DATASET EXCERPTS —
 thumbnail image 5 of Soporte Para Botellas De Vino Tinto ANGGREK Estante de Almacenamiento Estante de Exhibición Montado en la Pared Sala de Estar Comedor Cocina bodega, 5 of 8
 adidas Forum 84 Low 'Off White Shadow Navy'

* * *

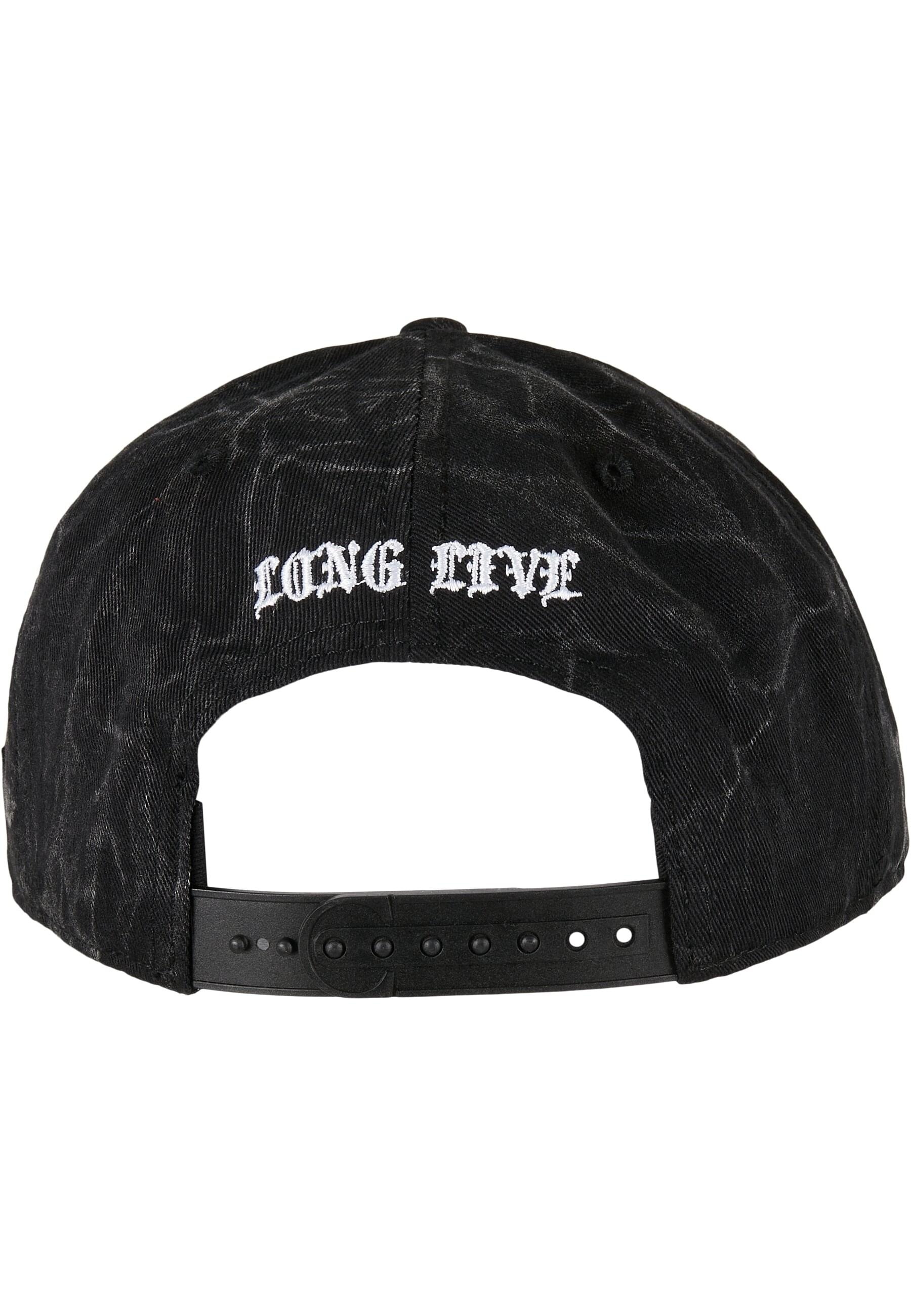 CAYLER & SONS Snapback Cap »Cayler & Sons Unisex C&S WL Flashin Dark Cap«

EXERCISE DESCRIPTION —
Quote the listing above, but only from the line that shows "thumbnail image 5" through the line that shows "adidas Forum 84 Low 'Off White Shadow Navy'".

YOUR SOLUTION —
 thumbnail image 5 of Soporte Para Botellas De Vino Tinto ANGGREK Estante de Almacenamiento Estante de Exhibición Montado en la Pared Sala de Estar Comedor Cocina bodega, 5 of 8
 adidas Forum 84 Low 'Off White Shadow Navy'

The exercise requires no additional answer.